The agency reminds super-spooks that even “if you plan to travel . . . for vacation” you’ve got to submit a “UFT” — Unofficial Foreign Travel — request, which is Form K2579.
Once you’ve gotten approval and are off on vacation, you’re advised to “vary your routine as much as possible. Predictability equals vulnerability!” After all, “If an adversary doesn’t know your next move — it makes their job much tougher!”
Okay. So, if you’re in, say, Beijing, don’t go out to the Great Wall. In Shanghai, avoid the Bund and the early-morning ballroom dancing.
“Try to avoid crowds and demonstrations,” we’re told. That means forget going to Tahrir Square in Cairo and most any city in Syria until they kick out Assad.
Finally, “internationalize your appearance.” No paisley burqas, for example. Or, when running with the bulls in Pamplona, don’t forget it’s white pants and shirts with a red scarf.
Most of all, remember that “reporting contact with foreign nationals is a requirement you agreed to when you were indoctrinated.”
So you’ve got to “report the following,” we’re told. That includes:
●“Close and continuing association with non-U.S. citizens.”
●“Contact with an employee or representative of a foreign government.”
●“Sexual contact with a non-U.S. citizen.”
Not clear who you should report this last one to — your spouse or your control officer. We suggest that the latter, since he probably already monitored it, would be safer.
Some might suggest such contact is not going to be a significant problem for the NSA. As our colleague Dana Priest noted in her book “Top Secret America: The Rise of the New American Security State,” the running joke amongst spooks at other agencies is: “How can you tell the extrovert at NSA?”
Answer: “He’s the one looking at someone else’s shoes.”
Trash, the final frontier
Anti-litter campaigns on this planet are probably as old as the Stone Age, when hunters cluttered the landscape with half-eaten mastodon bones. (Must have worked.
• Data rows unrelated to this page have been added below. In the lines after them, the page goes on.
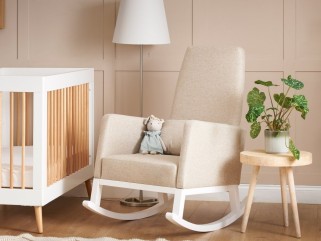 Obaby High Back Rocking Chair - White with Oatmeal Cushions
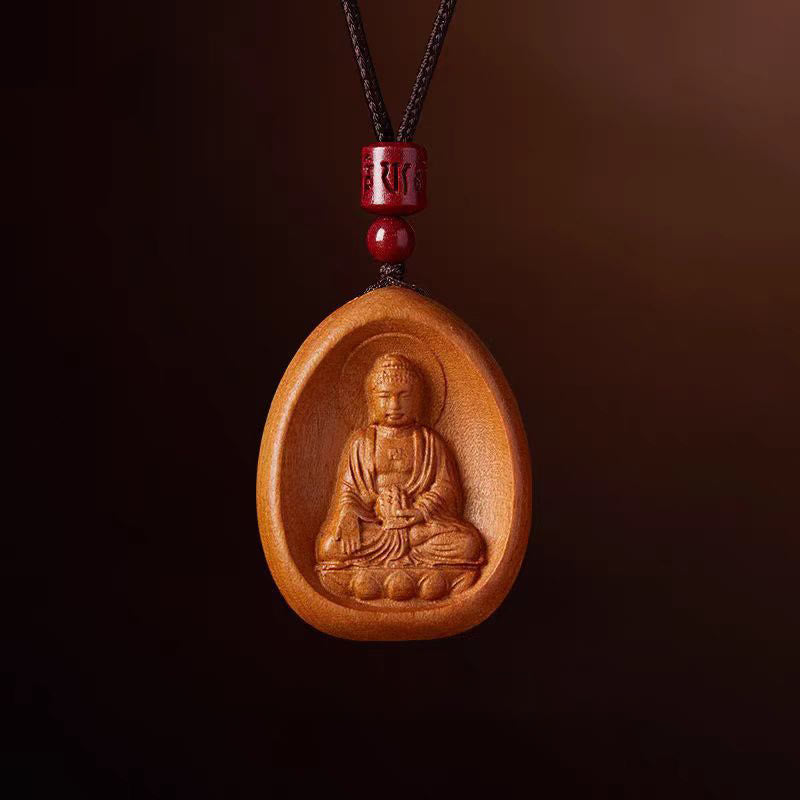 Buddha Stones Peach Wood Cinnabar Om Mani Padme Hum Chinese Zodiac Black String Necklace Pendants - Peach Wood-Dog Pig - image 26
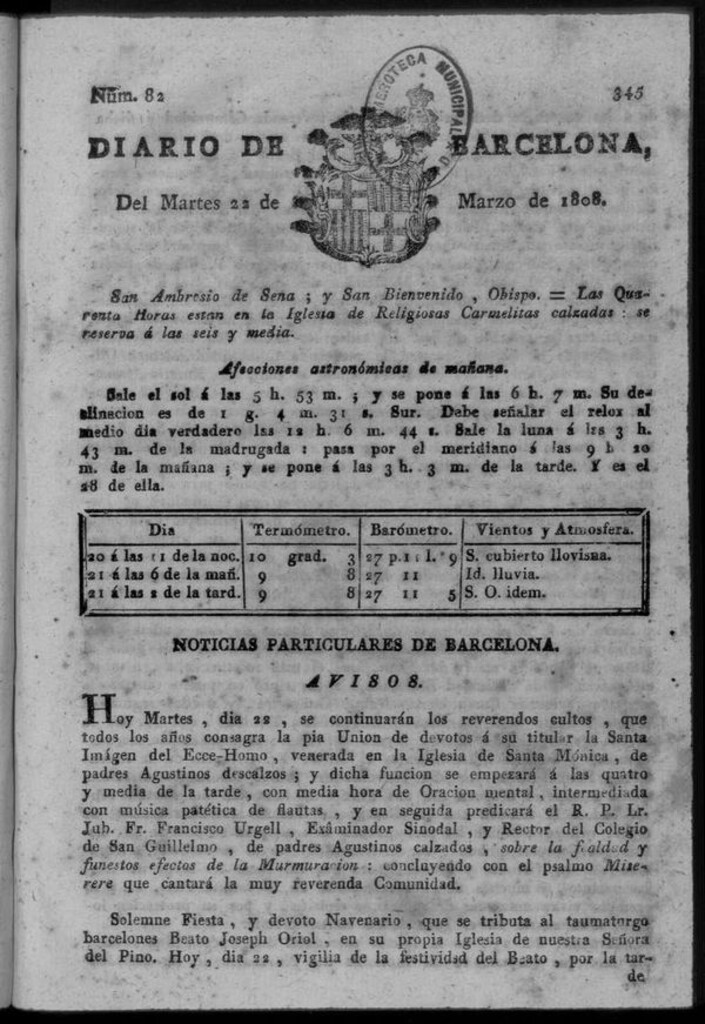 Miniatura de Diario de Barcelona del martes 22 de marzo de 1808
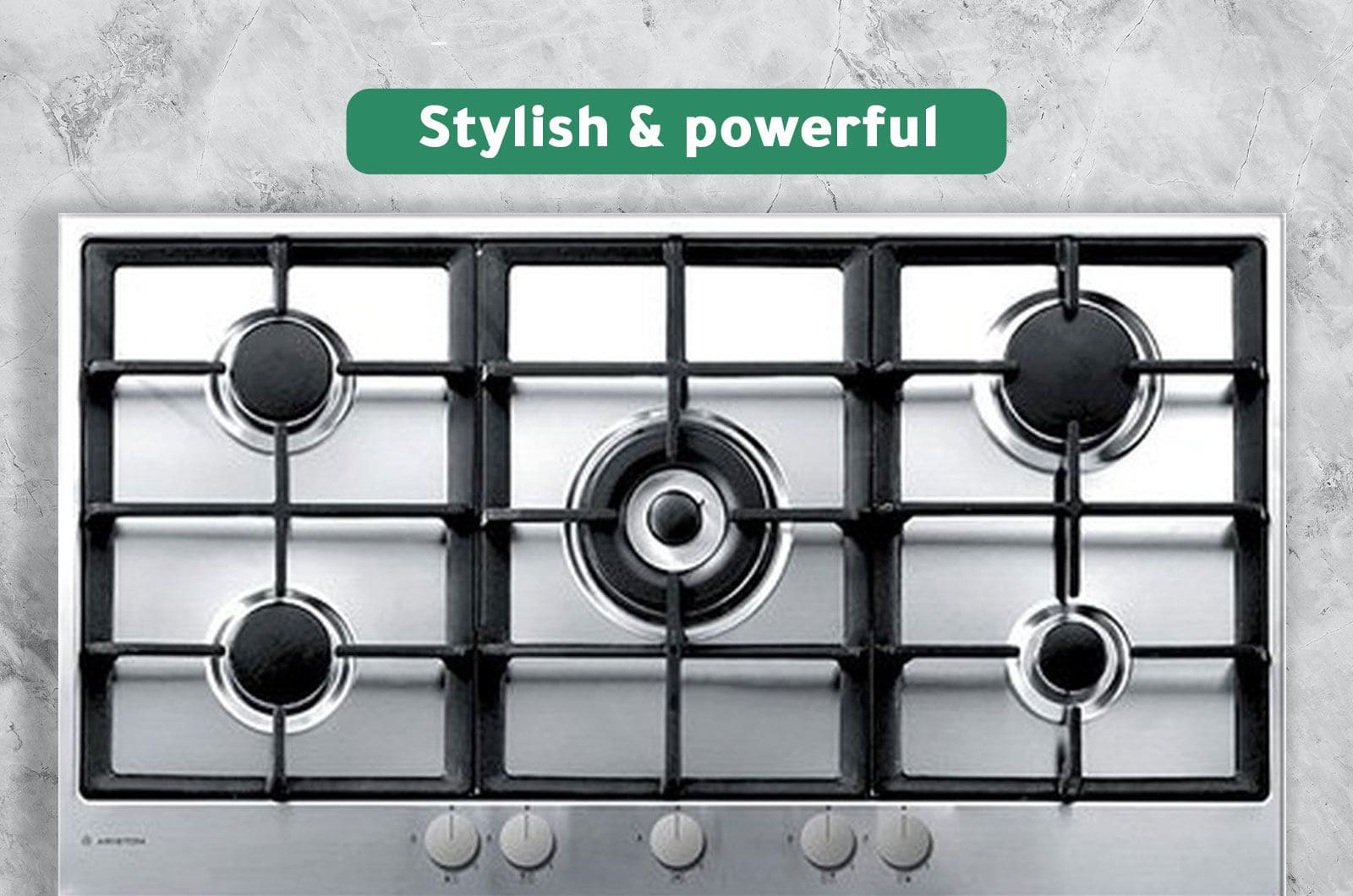 Ariston Built-in Hob - 5 Burners - grey - 51x90.9 cm 1 PK951TGHSAeng 1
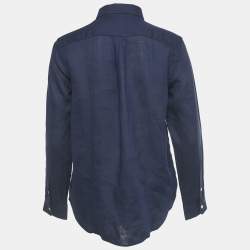 Pre Owned قميص بولو من رالف لورين قطن مخطط وردي بقصة ضيقة وأزرار أمامية مقاس متوسط (ميديوم)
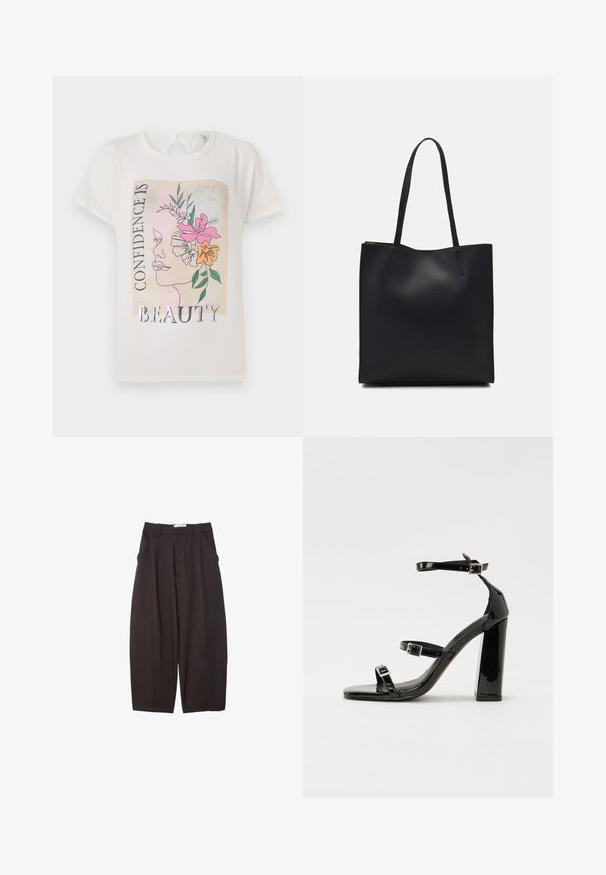 Bijela majica s grafičkim dizajnom lica ukrašenog cvijećem i natpisom "SAMOPOUZDANJE JE LJEPOTA." Kratki rukavi, okrugli dekolte.; Crne široke hlače napravljene od glatke tkanine, s visokim strukom, prednjim nabranjima i bočnim džepovima. Jednostavan dizajn bez ukrasa.; Crne lakirane sandale na pete sa kvadratnim nosom, trakama oko gležnja i srebrnim kopčama. Imaju čvrst blok petu za stabilnost.; Crna kožna torba za nošenje s glatkom teksturom, pravokutnim oblikom i dvije duge ručke. Nema vidljivih metalnih dijelova ili ukrasa.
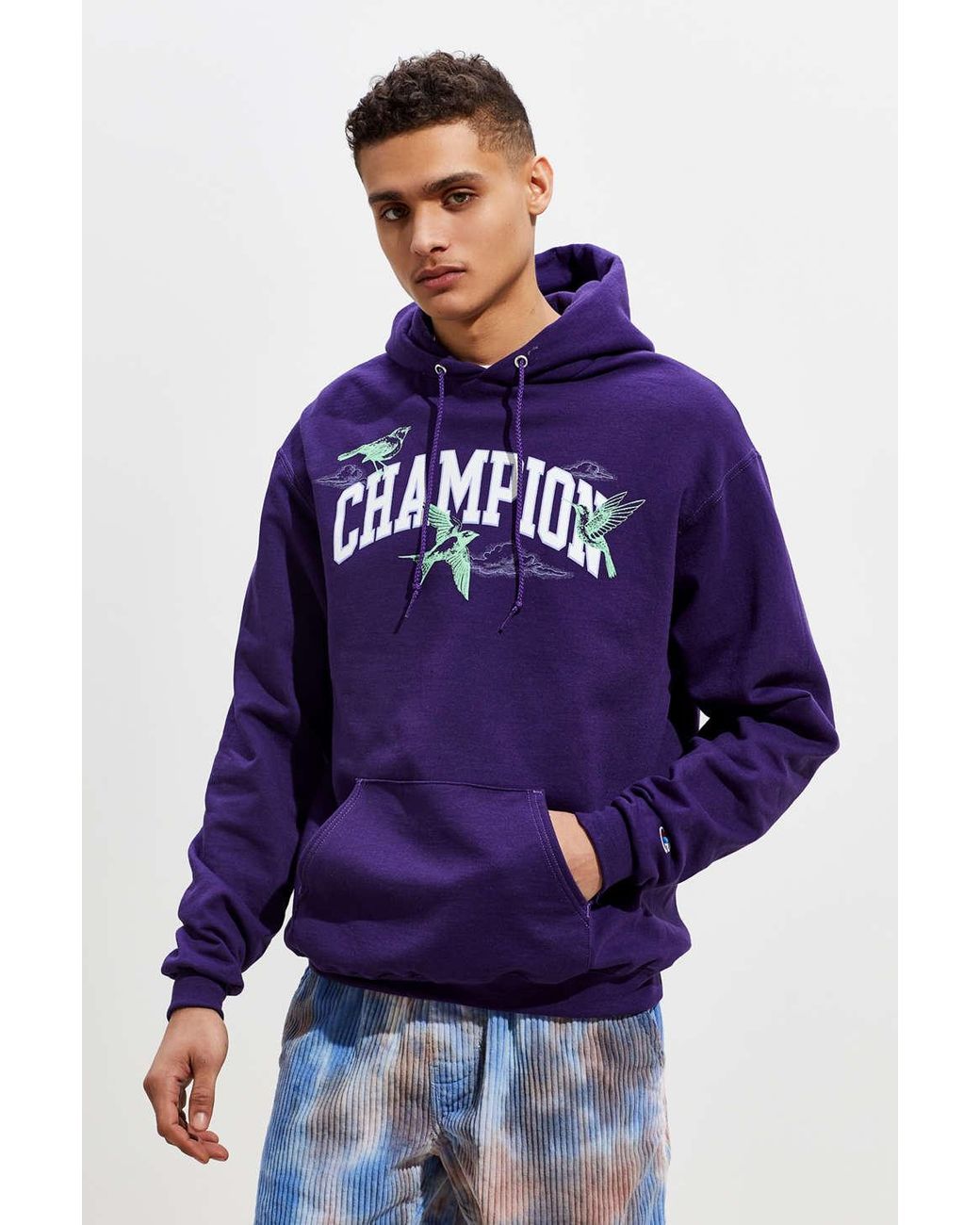 Champion Champion Uo Exclusive Colorblock Hoodie Sweatshirt in Purple for  Men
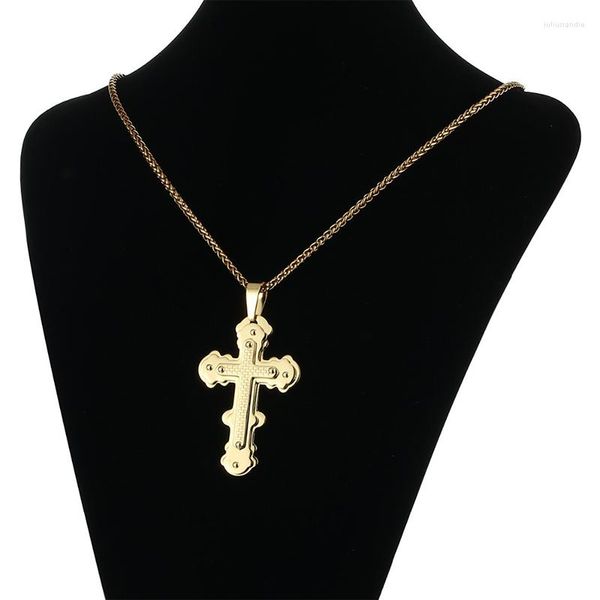 Pendentif Colliers Religieux Orthodoxe Multicouche Croix Collier Teen Boys Hip Hop Argent Couleur Chaîne En Acier Inoxydable Pour Hommes Bijoux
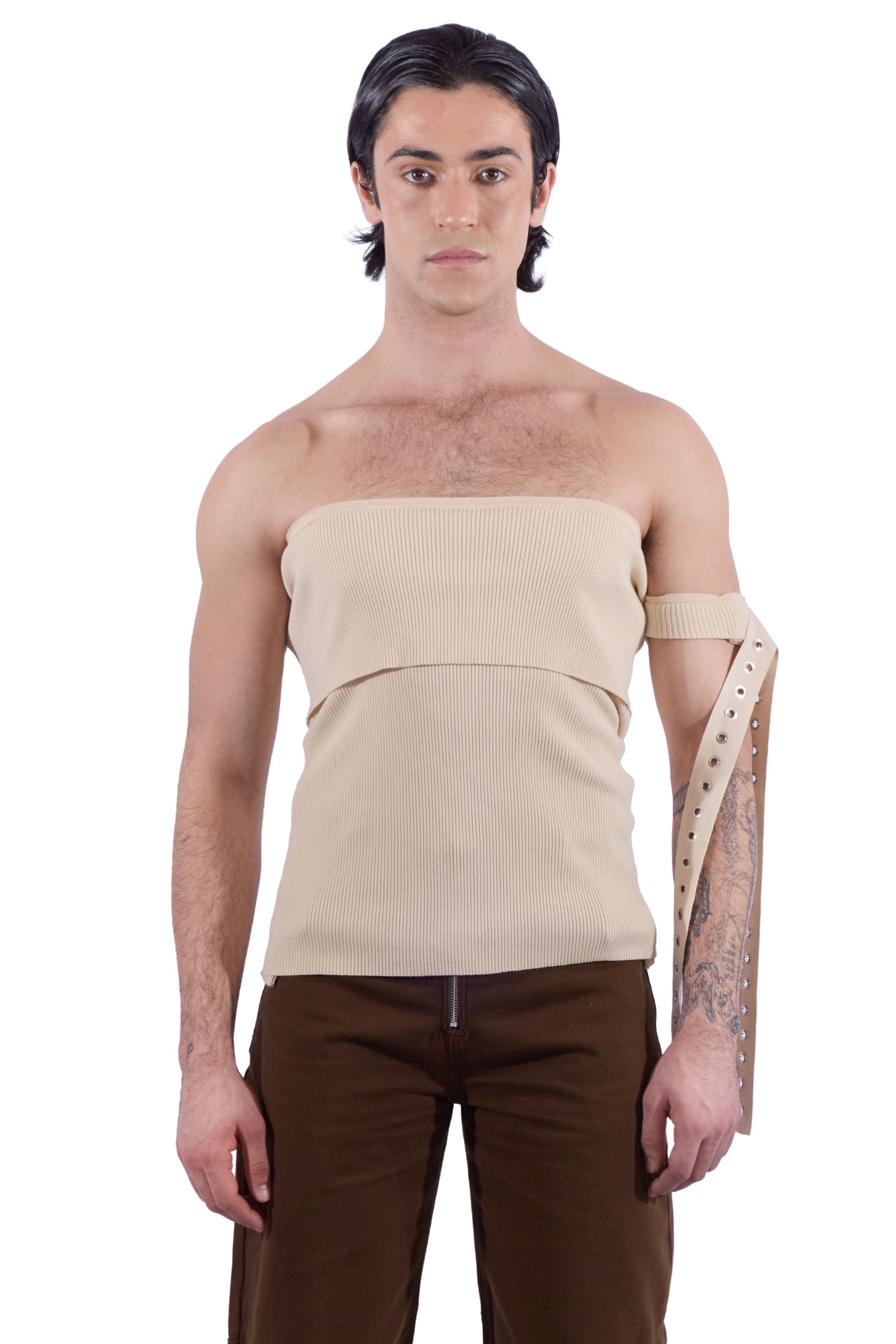 Grommeted Cuff and Drape Knit Top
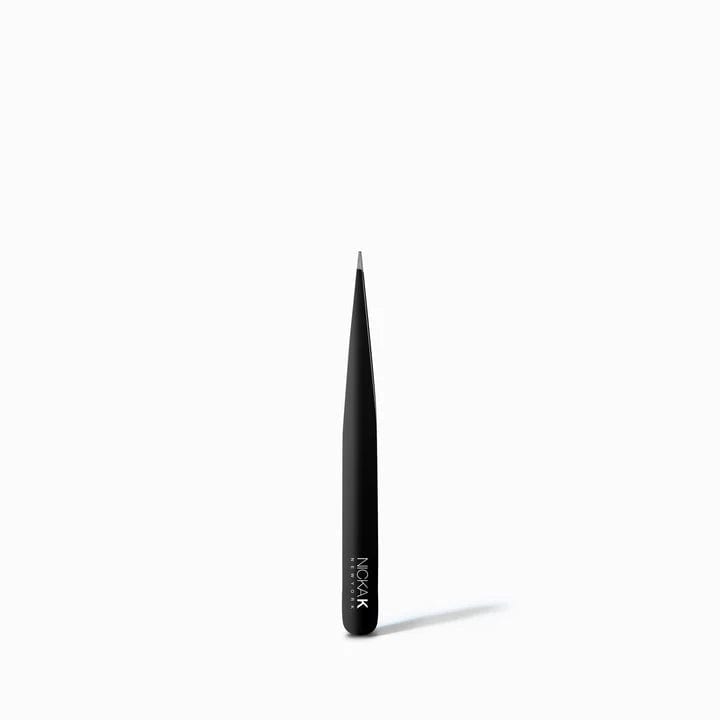 Nicka K New York Black Pointed Tweezer, Professional Stainless Steel High-Precision Splinter & Ingrown Hair Removal Tool - #NI011B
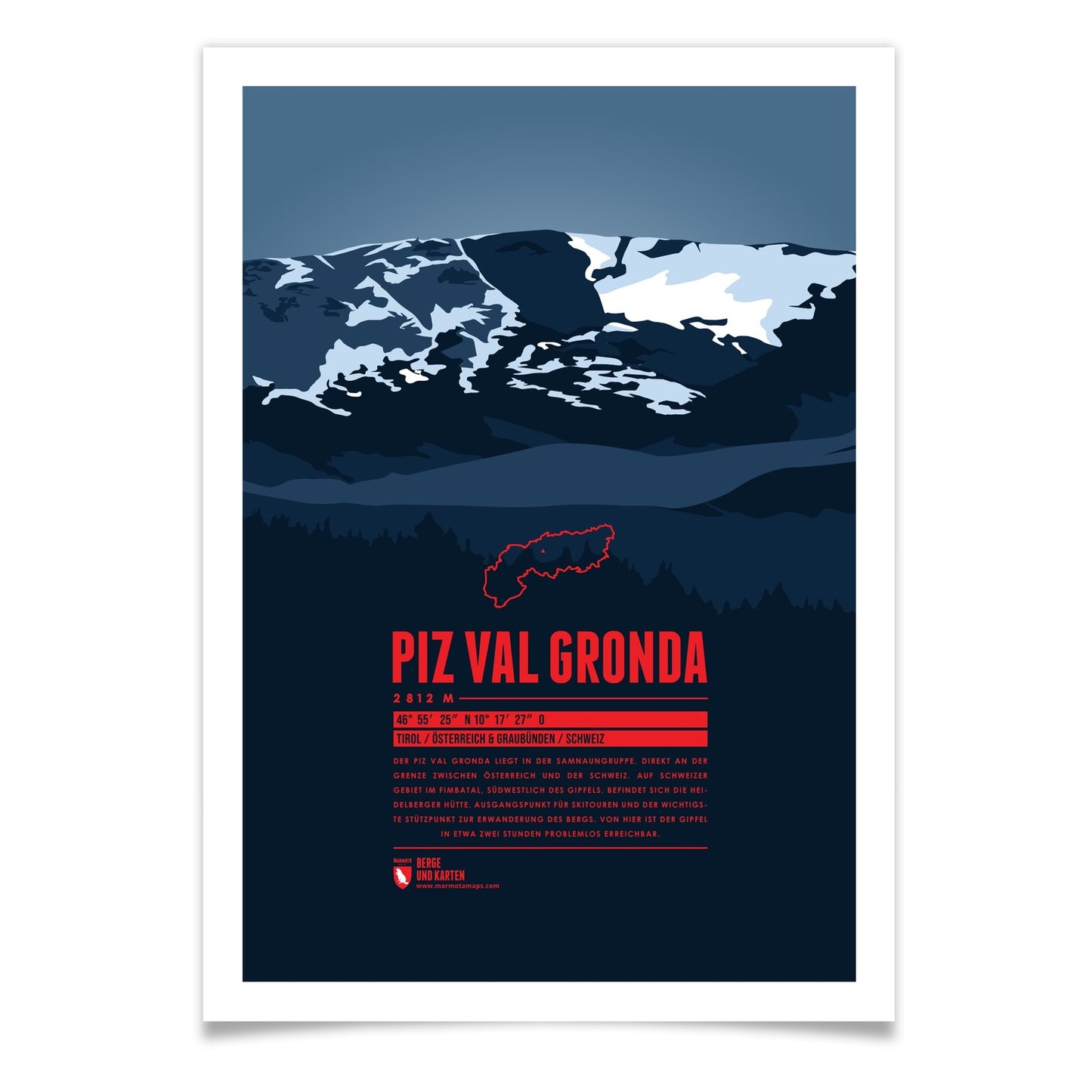 Piz Val Gronda als illustrierter Druck von Marmota Maps (2812 m, Silvretta, Rätikon, Verwall und Samnaun)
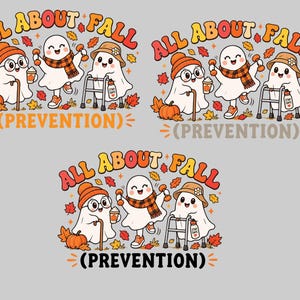 Può includere: Tre illustrazioni di fantasmi in stile cartoon con il testo ALL ABOUT FALL (PREVENTION). I fantasmi indossano accessori autunnali come berretti e sciarpe, tengono in mano tazze di caffè e manubri, e usano un bastone e un deambulatore tra foglie autunnali arancioni e rosse.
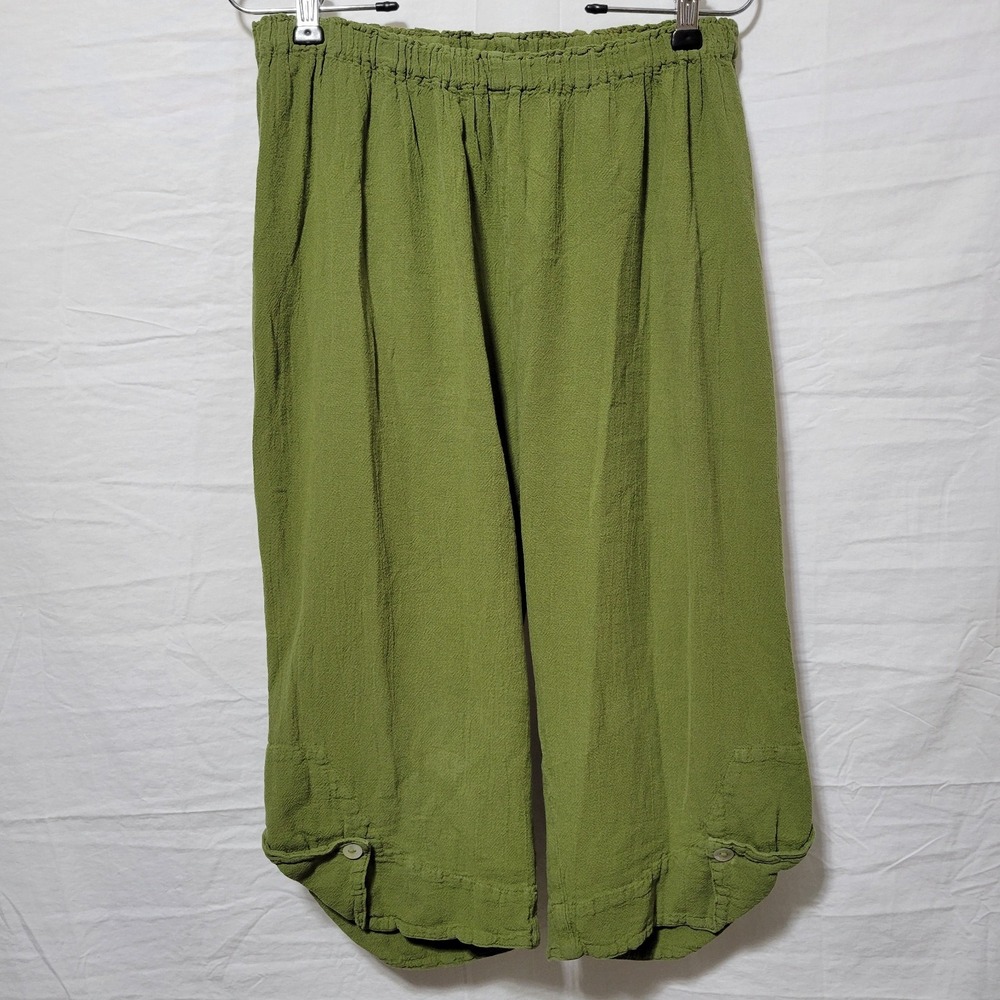 Oh My Gauze Cotton Green Wide Leg Cropped Pants Button Hem Size 1 Medium Boho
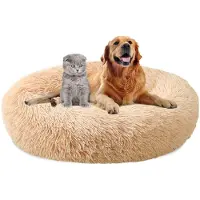 Sonstiges Lit pour chien, forme ronde, diamètre 90 cm, couleur pêche, en peluche, lavable, antidérapant, forme de donut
You don’t see many of those bones around anymore.)
But now we’re hearing that litterers are junking up outer space as well. In fact, there are some 21,000 items of space junk — weighing about 6,600 tons — out there. Some of them are “dead” satellites or spent booster rockets. The oldest piece of junk still in orbit, the State Department says, is the Vanguard I satellite, launched in 1958.
And there are hundreds of thousands of other objects too small to track that can damage satellites and the international space station. Then there’s stuff astronauts dropped, such as a glove, cameras, a wrench, pliers, a tool bag and a toothbrush, the department said.